YOUR OBJECTIVE
Among the entries below, take the line with "Midea 9,000 Btu" and the line with "Изображение 2 2007", and output them and every line between them exactly, with nothing else.

RECORDS FOR THE EXERCISE
[Start of section]

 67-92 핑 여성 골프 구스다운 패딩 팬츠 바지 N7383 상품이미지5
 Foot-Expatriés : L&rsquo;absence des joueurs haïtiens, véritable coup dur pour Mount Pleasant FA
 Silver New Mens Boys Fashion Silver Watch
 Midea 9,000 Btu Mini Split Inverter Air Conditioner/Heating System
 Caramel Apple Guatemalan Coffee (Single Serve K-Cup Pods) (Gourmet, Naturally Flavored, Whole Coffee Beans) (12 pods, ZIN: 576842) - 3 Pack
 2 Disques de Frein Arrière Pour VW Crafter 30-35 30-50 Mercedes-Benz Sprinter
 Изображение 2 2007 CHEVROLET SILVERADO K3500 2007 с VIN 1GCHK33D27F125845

[End of section]
[Start of section]

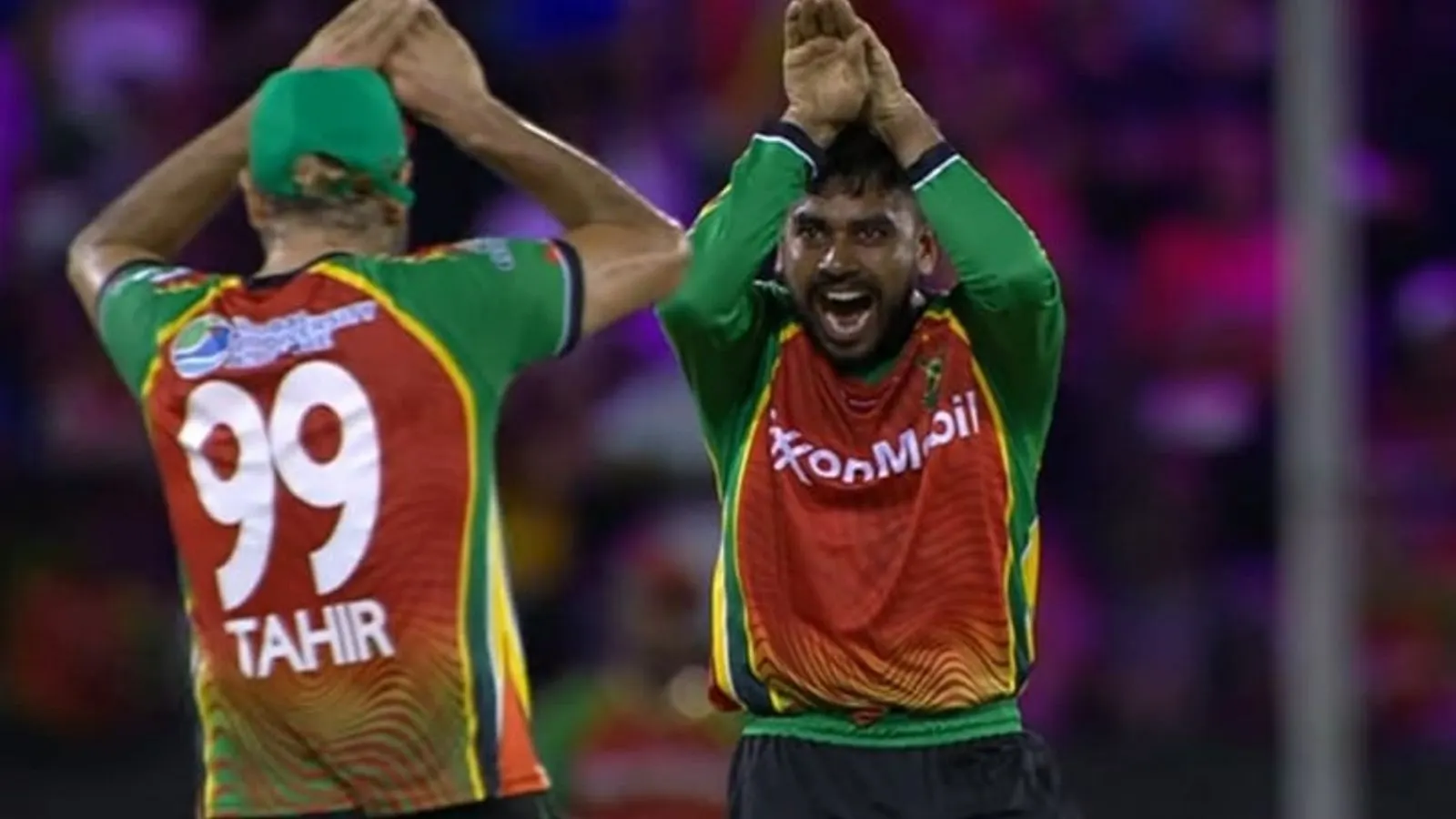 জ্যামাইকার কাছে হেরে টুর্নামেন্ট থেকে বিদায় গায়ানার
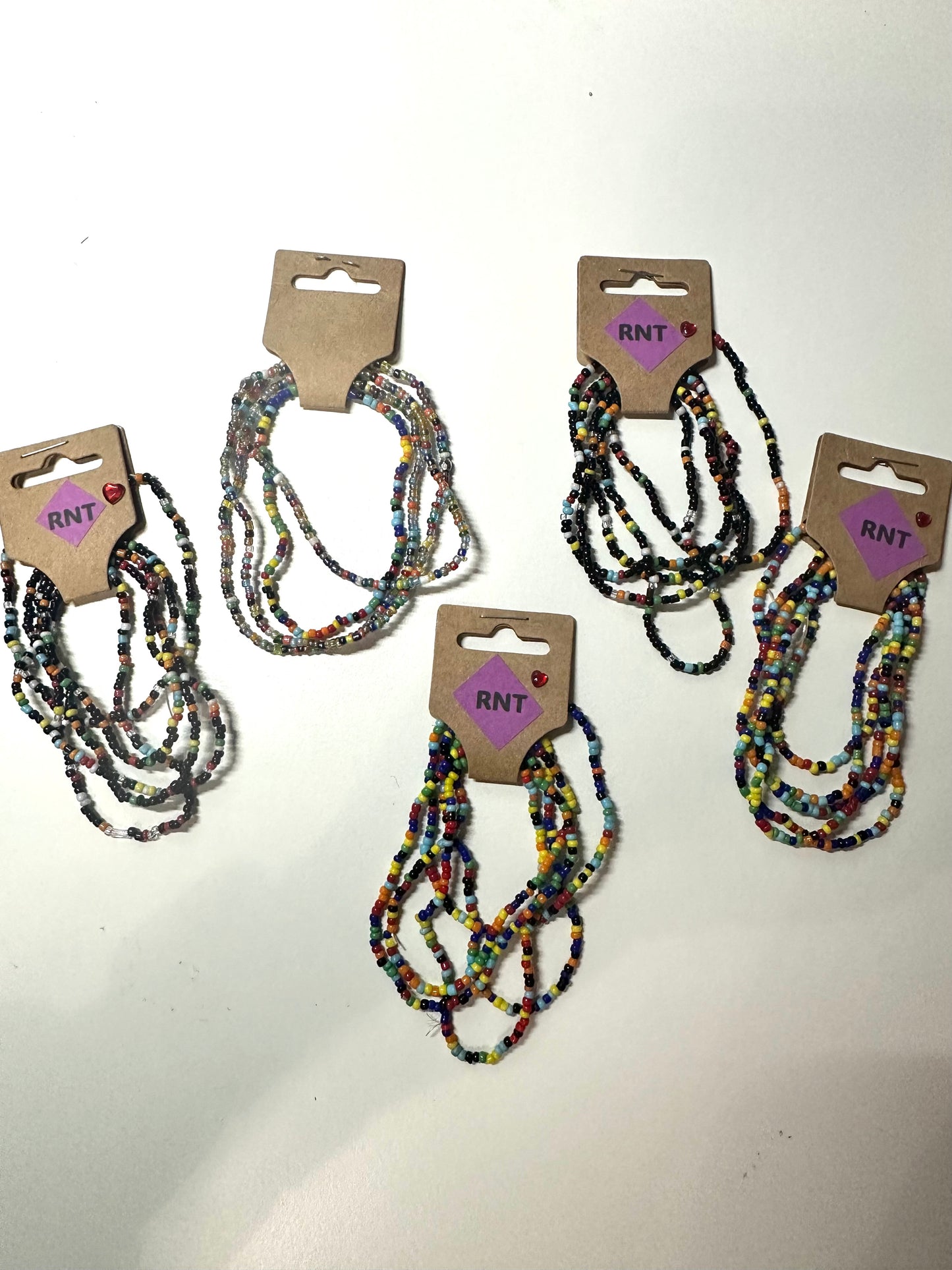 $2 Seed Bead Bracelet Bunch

[End of section]
[Start of section]

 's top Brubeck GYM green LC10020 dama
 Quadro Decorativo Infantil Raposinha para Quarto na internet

[End of section]

SOLUTION TO THIS PROBLEM
 Midea 9,000 Btu Mini Split Inverter Air Conditioner/Heating System
 Caramel Apple Guatemalan Coffee (Single Serve K-Cup Pods) (Gourmet, Naturally Flavored, Whole Coffee Beans) (12 pods, ZIN: 576842) - 3 Pack
 2 Disques de Frein Arrière Pour VW Crafter 30-35 30-50 Mercedes-Benz Sprinter
 Изображение 2 2007 CHEVROLET SILVERADO K3500 2007 с VIN 1GCHK33D27F125845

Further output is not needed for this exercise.